WHAT YOU WILL DO | Skipping any pictures, give all of the records below again exactly.

═════ THE RECORDS

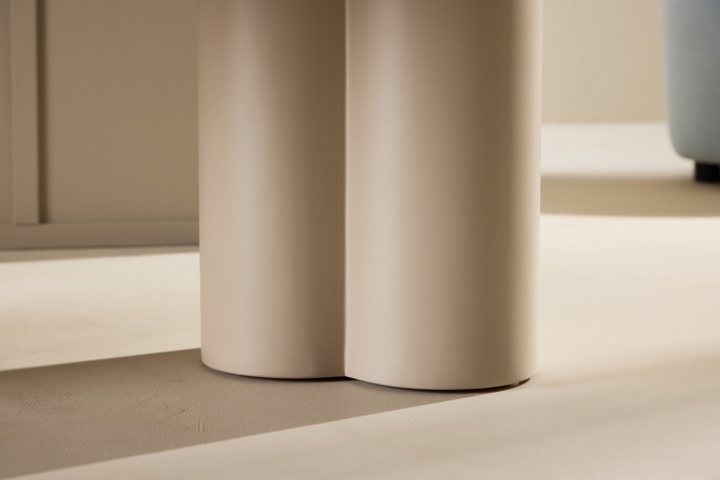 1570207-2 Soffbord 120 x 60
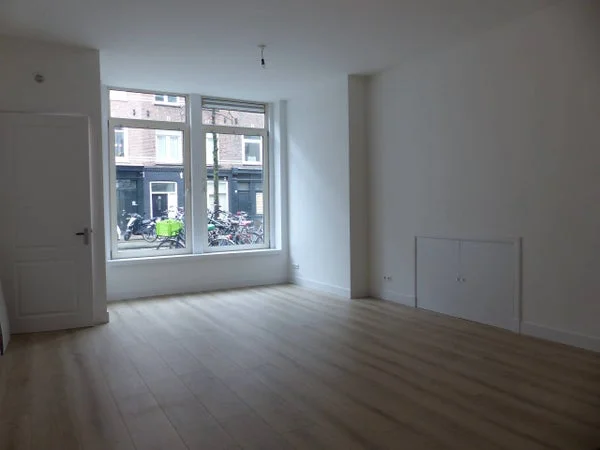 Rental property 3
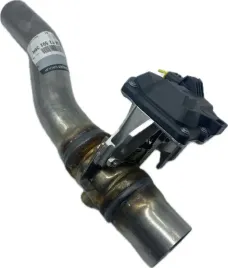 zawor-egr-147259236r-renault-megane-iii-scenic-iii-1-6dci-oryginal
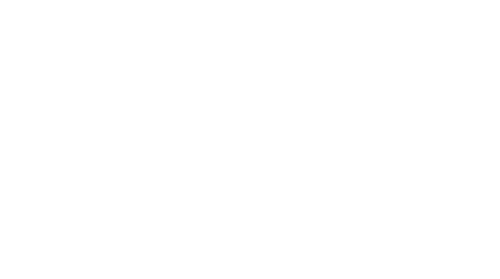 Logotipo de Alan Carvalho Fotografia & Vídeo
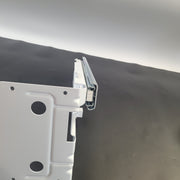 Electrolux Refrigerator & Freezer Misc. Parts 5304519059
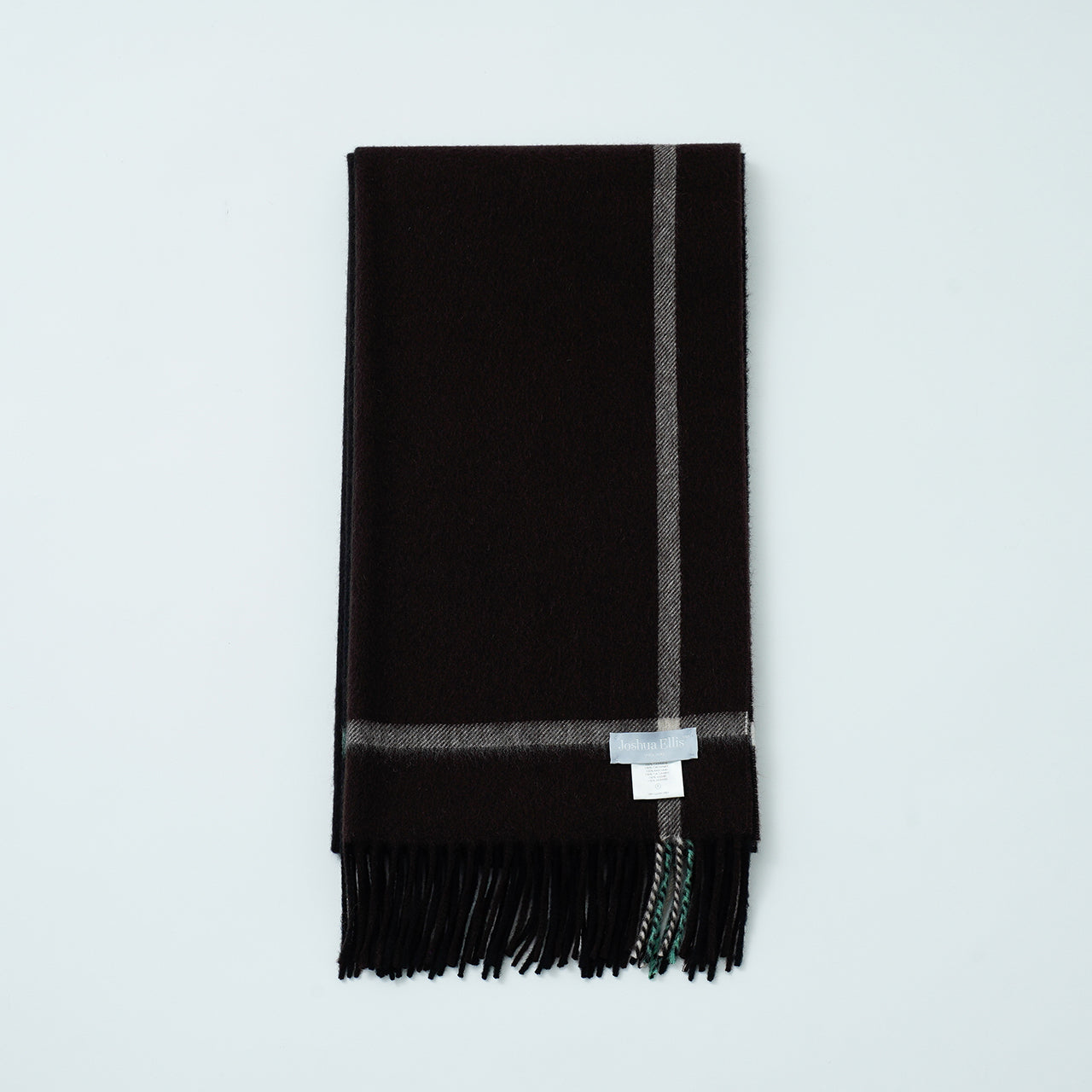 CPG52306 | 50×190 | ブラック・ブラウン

══════════

ANSWER BOX |
 1570207-2 Soffbord 120 x 60
 Rental property 3
 zawor-egr-147259236r-renault-megane-iii-scenic-iii-1-6dci-oryginal
 Logotipo de Alan Carvalho Fotografia & Vídeo
 Electrolux Refrigerator & Freezer Misc. Parts 5304519059
 CPG52306 | 50×190 | ブラック・ブラウン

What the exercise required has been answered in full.